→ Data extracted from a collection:
# # # # #
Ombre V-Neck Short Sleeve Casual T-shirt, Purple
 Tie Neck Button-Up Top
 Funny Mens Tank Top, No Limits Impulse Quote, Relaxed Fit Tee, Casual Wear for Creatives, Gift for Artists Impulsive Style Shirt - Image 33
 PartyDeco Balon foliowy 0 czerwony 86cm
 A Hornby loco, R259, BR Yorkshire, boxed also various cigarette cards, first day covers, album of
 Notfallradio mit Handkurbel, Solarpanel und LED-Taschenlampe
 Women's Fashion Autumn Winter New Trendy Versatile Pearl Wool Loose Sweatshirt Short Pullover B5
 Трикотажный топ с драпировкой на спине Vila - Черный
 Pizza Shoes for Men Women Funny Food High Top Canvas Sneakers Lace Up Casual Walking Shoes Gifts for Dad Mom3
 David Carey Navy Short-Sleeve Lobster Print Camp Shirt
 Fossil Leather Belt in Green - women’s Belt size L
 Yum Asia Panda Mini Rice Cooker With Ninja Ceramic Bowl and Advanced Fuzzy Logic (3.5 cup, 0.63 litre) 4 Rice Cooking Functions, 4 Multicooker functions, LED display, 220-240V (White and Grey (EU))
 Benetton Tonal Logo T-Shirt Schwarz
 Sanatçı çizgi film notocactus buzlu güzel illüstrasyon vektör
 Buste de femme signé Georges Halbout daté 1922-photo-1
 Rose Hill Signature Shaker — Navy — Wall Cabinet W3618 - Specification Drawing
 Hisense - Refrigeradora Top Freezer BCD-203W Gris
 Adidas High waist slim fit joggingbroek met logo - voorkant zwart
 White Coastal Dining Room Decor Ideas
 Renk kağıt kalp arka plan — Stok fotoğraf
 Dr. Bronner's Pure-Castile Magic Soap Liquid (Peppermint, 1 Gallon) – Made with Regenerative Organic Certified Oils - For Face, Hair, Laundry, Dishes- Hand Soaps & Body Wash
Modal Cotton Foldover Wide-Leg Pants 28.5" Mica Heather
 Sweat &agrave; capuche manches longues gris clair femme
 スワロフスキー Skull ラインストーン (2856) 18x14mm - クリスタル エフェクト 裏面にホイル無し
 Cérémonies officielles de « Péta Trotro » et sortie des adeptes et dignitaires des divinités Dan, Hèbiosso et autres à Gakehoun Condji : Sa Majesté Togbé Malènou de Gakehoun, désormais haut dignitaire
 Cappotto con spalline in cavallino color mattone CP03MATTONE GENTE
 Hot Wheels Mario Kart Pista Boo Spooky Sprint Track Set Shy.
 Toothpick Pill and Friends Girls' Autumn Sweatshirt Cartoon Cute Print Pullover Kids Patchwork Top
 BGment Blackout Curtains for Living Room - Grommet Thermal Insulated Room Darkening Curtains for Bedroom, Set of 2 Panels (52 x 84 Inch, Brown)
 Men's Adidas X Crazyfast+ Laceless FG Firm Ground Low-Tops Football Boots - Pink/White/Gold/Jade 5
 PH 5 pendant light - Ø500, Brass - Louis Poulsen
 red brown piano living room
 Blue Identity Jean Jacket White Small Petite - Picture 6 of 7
# # # # #
→ PROBLEM:
What you hand back must match the records above exactly.

→ OUTPUT OF THE TASK:
Ombre V-Neck Short Sleeve Casual T-shirt, Purple
 Tie Neck Button-Up Top
 Funny Mens Tank Top, No Limits Impulse Quote, Relaxed Fit Tee, Casual Wear for Creatives, Gift for Artists Impulsive Style Shirt - Image 33
 PartyDeco Balon foliowy 0 czerwony 86cm
 A Hornby loco, R259, BR Yorkshire, boxed also various cigarette cards, first day covers, album of
 Notfallradio mit Handkurbel, Solarpanel und LED-Taschenlampe
 Women's Fashion Autumn Winter New Trendy Versatile Pearl Wool Loose Sweatshirt Short Pullover B5
 Трикотажный топ с драпировкой на спине Vila - Черный
 Pizza Shoes for Men Women Funny Food High Top Canvas Sneakers Lace Up Casual Walking Shoes Gifts for Dad Mom3
 David Carey Navy Short-Sleeve Lobster Print Camp Shirt
 Fossil Leather Belt in Green - women’s Belt size L
 Yum Asia Panda Mini Rice Cooker With Ninja Ceramic Bowl and Advanced Fuzzy Logic (3.5 cup, 0.63 litre) 4 Rice Cooking Functions, 4 Multicooker functions, LED display, 220-240V (White and Grey (EU))
 Benetton Tonal Logo T-Shirt Schwarz
 Sanatçı çizgi film notocactus buzlu güzel illüstrasyon vektör
 Buste de femme signé Georges Halbout daté 1922-photo-1
 Rose Hill Signature Shaker — Navy — Wall Cabinet W3618 - Specification Drawing
 Hisense - Refrigeradora Top Freezer BCD-203W Gris
 Adidas High waist slim fit joggingbroek met logo - voorkant zwart
 White Coastal Dining Room Decor Ideas
 Renk kağıt kalp arka plan — Stok fotoğraf
 Dr. Bronner's Pure-Castile Magic Soap Liquid (Peppermint, 1 Gallon) – Made with Regenerative Organic Certified Oils - For Face, Hair, Laundry, Dishes- Hand Soaps & Body Wash
Modal Cotton Foldover Wide-Leg Pants 28.5" Mica Heather
 Sweat &agrave; capuche manches longues gris clair femme
 スワロフスキー Skull ラインストーン (2856) 18x14mm - クリスタル エフェクト 裏面にホイル無し
 Cérémonies officielles de « Péta Trotro » et sortie des adeptes et dignitaires des divinités Dan, Hèbiosso et autres à Gakehoun Condji : Sa Majesté Togbé Malènou de Gakehoun, désormais haut dignitaire
 Cappotto con spalline in cavallino color mattone CP03MATTONE GENTE
 Hot Wheels Mario Kart Pista Boo Spooky Sprint Track Set Shy.
 Toothpick Pill and Friends Girls' Autumn Sweatshirt Cartoon Cute Print Pullover Kids Patchwork Top
 BGment Blackout Curtains for Living Room - Grommet Thermal Insulated Room Darkening Curtains for Bedroom, Set of 2 Panels (52 x 84 Inch, Brown)
 Men's Adidas X Crazyfast+ Laceless FG Firm Ground Low-Tops Football Boots - Pink/White/Gold/Jade 5
 PH 5 pendant light - Ø500, Brass - Louis Poulsen
 red brown piano living room
 Blue Identity Jean Jacket White Small Petite - Picture 6 of 7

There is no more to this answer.